Updated on Sept. 25, 2014
When shortstop Derek Jeter plays his final home game at Yankee stadium tonight (weather permitting), you can bet the crowds will roar and the 20-year Yankee veteran will modestly acknowledge the fans, take his stance in the batter’s box, and get on with the job at hand. You can also bet that Jeter, who announced his retirement from active play at the start of the season, can parlay that adulation into a very lucrative post-baseball second act.
That’s what a job well done and a well-honed exit strategy from a long-term position can do for you too.
Whether you’re on the verge of retirement or are simply leaving a company you’ve been with for a while to take a new position, here are three lessons from the future Hall-of-Famer’s actions in his final season that you can take to the bank.
Get early buy-in from management. Jeter gave Yankee manager Joe Girardi, general manager Brian Cashman, and owners Hal and Hank Steinbrenner more than six months’ notice about his plan to end his playing career at the close of the current season. That’s allowed them plenty of time to plan for his replacement at shortstop.
Show your bosses the same courtesy.
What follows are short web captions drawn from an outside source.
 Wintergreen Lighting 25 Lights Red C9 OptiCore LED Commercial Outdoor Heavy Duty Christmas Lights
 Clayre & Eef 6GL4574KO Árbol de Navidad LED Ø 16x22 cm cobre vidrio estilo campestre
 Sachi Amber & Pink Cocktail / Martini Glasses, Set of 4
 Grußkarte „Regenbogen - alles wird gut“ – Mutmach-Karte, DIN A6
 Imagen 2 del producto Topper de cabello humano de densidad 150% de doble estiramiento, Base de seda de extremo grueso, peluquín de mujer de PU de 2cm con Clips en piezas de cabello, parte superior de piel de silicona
Notify your manager a good three to six months in advance if you’re retiring and a month to six weeks ahead of time vs. the standard two weeks if you’re leaving for a new job so they have enough lead time to fill your position. That’s especially important if you’re in a critical, revenue-generating role or are a highly skilled employee who may be difficult to replace. Help identify other staffers or professionals outside the company who might be good candidates, and offer to train them before you go, or at least to write a detailed memo that will help the person fill your shoes.
Your reward: If you’re retiring, you never know when you might want to earn a little extra cash by doing some consulting work or might want or need to return to part-time work. Your behavior helps ensure your former employer will want you back in some capacity. And if you’re simply moving on, you can count on a glowing reference if and when you need one in the future.
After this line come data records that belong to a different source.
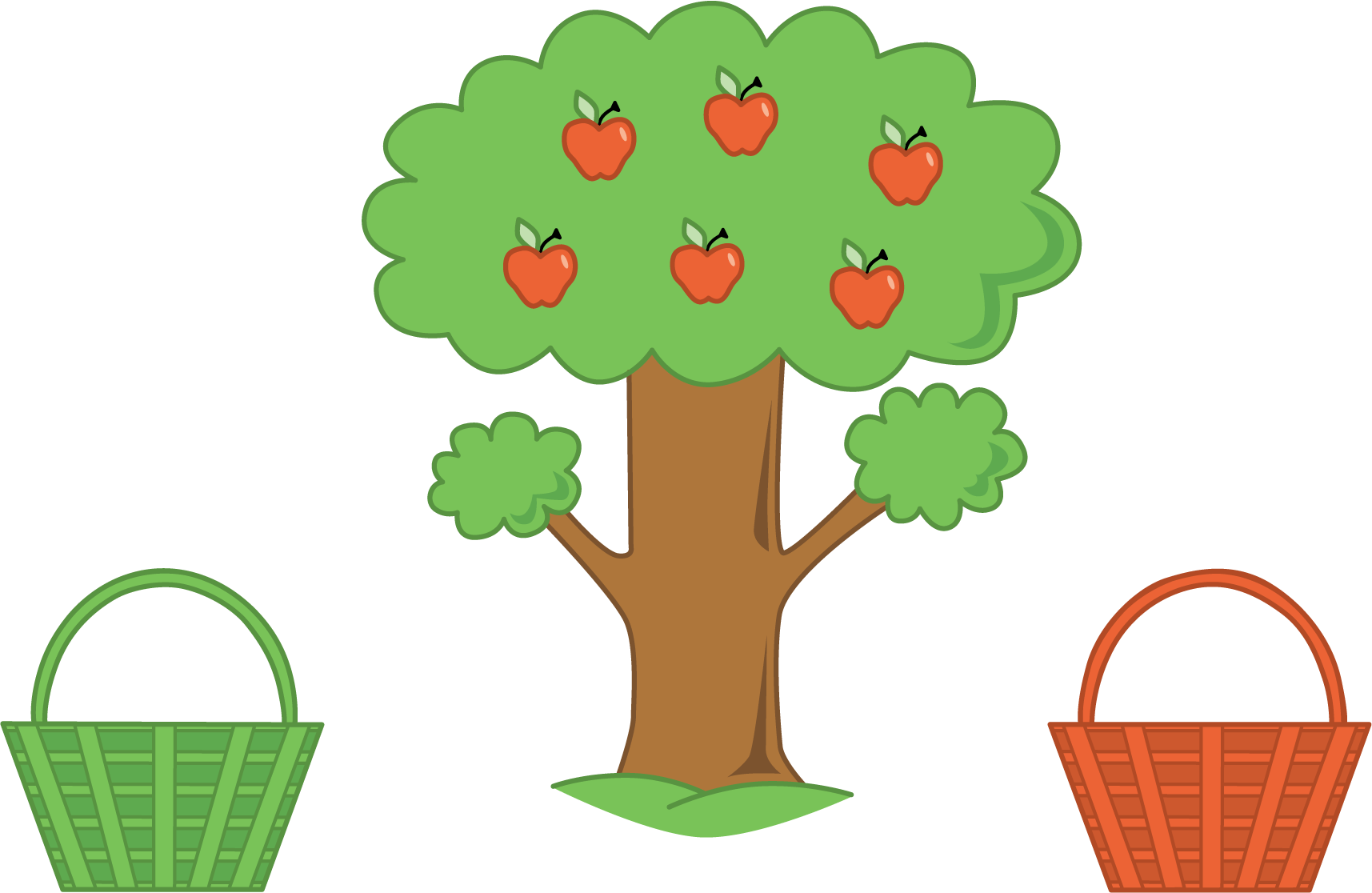 Apple tree with 6 red apples. 2 baskets, 1 green and 1 red.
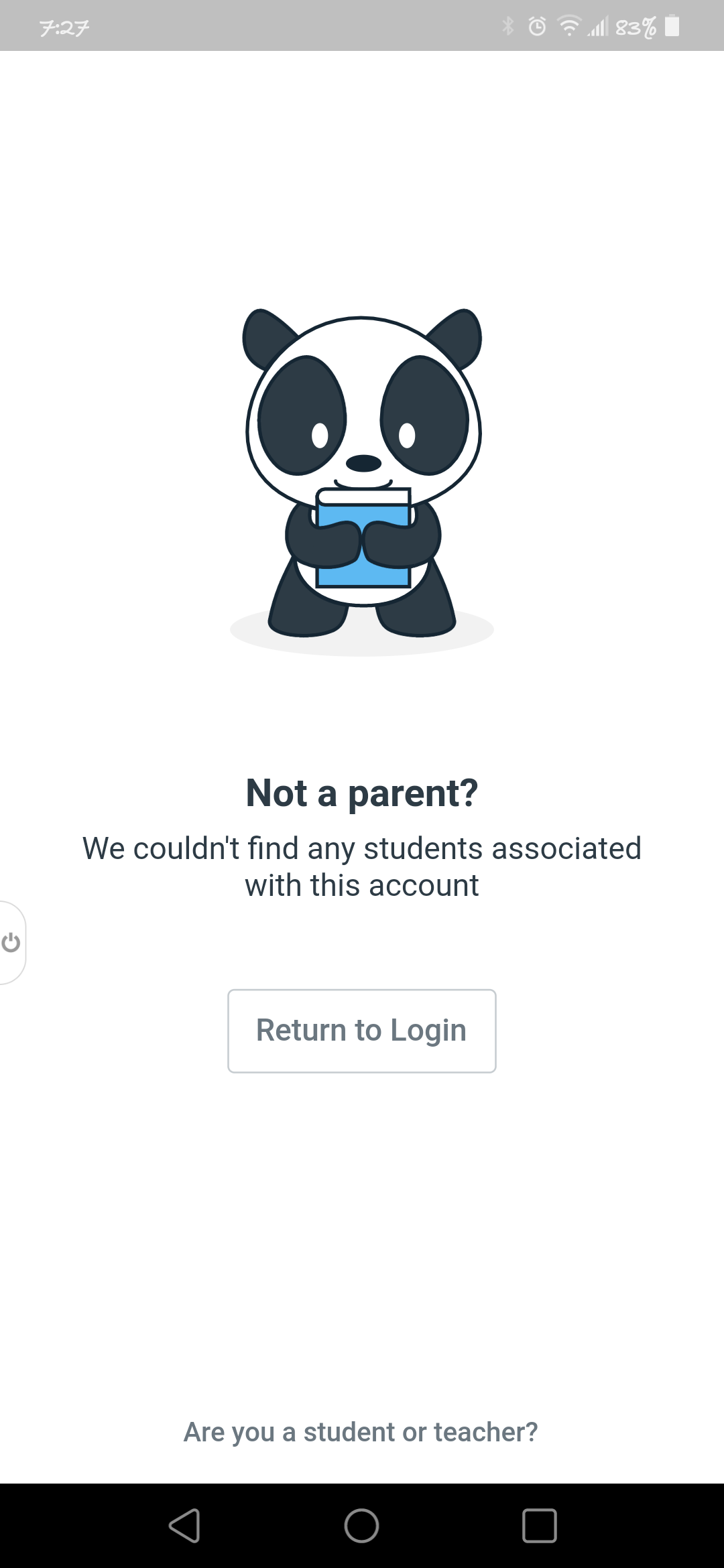 Not a parent? error message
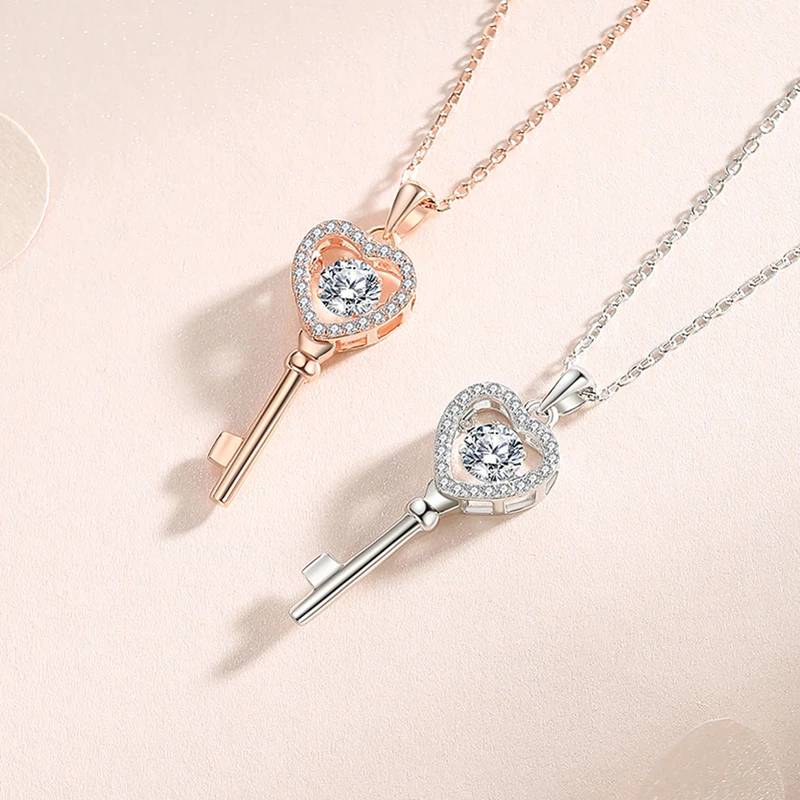 Gold Plated Heart Key Pendant Necklace for Women with Moissanite VVS1 Dainty Chain Valentine's Day Gift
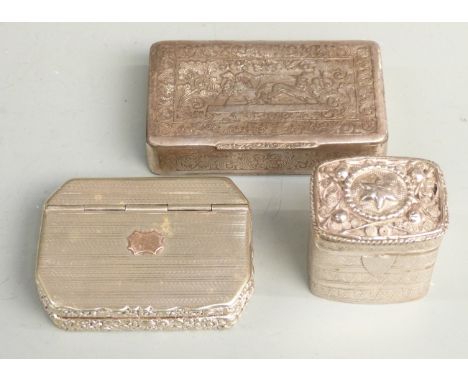 Dutch white metal spice or similar box, height 4cm together with two silver plated snuff boxes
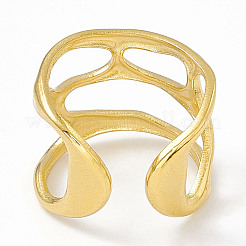 Ионное покрытие (ip) 304 нержавеющая сталь широкое полое открытое манжетное кольцо для женщин&nbsp;LS-RJEW-G275-02G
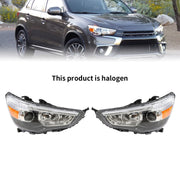 DURAFORCE Pair Halogen Headlights Front Lamps for 2011-2019 Mitsubishi Outlander Sport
Mentor younger players. They don’t call Jeter the Captain for nothing. Since late Yankees owner George Steinbrenner appointed him team leader in 2003, Jeter has taken his job as a role model seriously, consistently mentoring younger players and youth off the field through his Turn 2 Foundation.
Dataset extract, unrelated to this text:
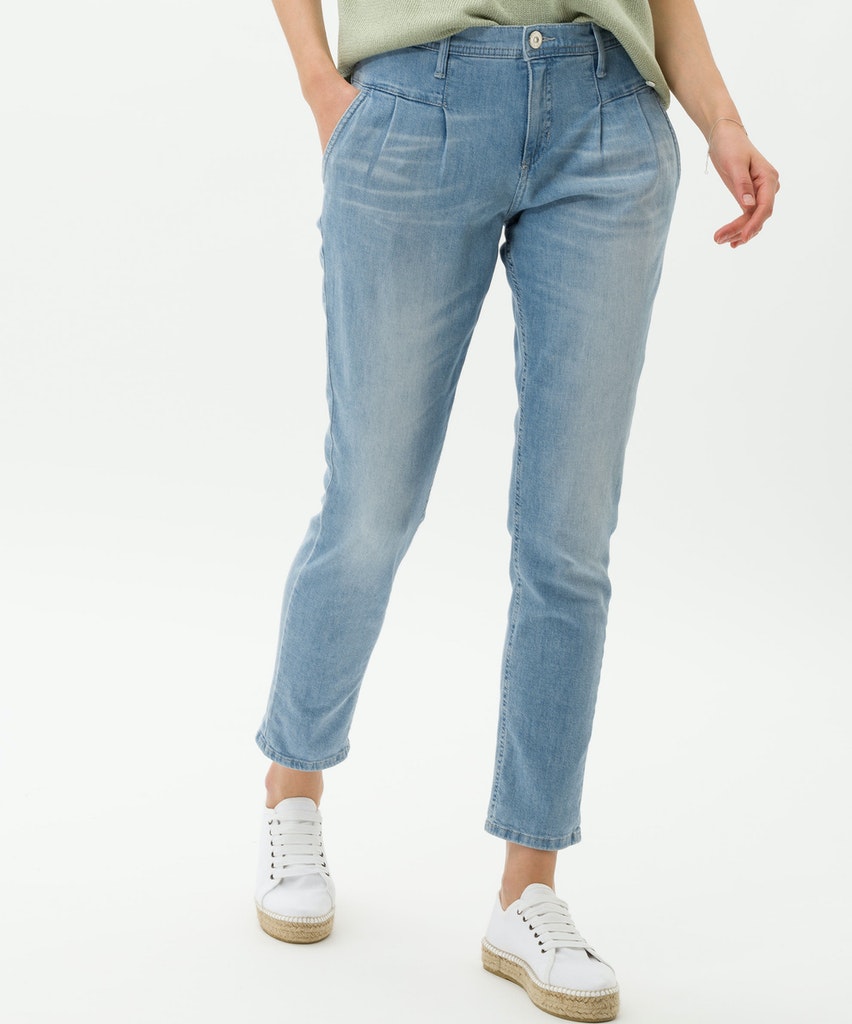 BRAX women S, Denimqualität Mode bleached Boyfriend-Jeans blue Merrit leichter used Shop Hartmann - Style in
Share your knowledge as generously with younger colleagues at work, especially those who toil in a similar capacity albeit at a more junior level. Offer some inside tips that only someone who’s been around for a while would know, and make yourself available for questions and as a sounding board. Be especially generous in passing along your know-how to the person who’s taking your place. Those junior staffers will be the bosses one day, possibly sooner than you think. Good for them to remember you fondly if they’re in a position to hire you someday.
Show fans your appreciation. Jeter is notoriously not on board with hoopla over his career accomplishments, and his farewell tour has been subdued compared with that of fellow Yankee Core Four member Mariano Rivera last year. Yet Jeter has graciously accepted the gifts and gratitude shown him as he plays at various ballparks for the last time and tips his cap to the fans, just as they tip theirs to him.
Remember to show your gratitude to those who helped your career along as well. If you had a mentor at work, let him or her know how much you appreciated the help and mention a particular lesson or words of wisdom that were especially useful (the specificity makes your gratitude seem more genuine). Let colleagues who you particularly admire know and, again, try to identify a specific accomplishment or skill that you believe sets them apart. Bring in bagels or doughnuts for the staff one morning near the end of your run or buy a round of drinks. Think of it as a form of networking that may one day help you professionally.
This kind of classy behavior may not earn you a standing ovation on your way out the door, let alone an emotionally resonant and star-studded tribute videos sponsored by Nike and Gatorade. But it can’t hurt in the good karma department — and is very likely to pay off in hard currency after you hang up your spikes.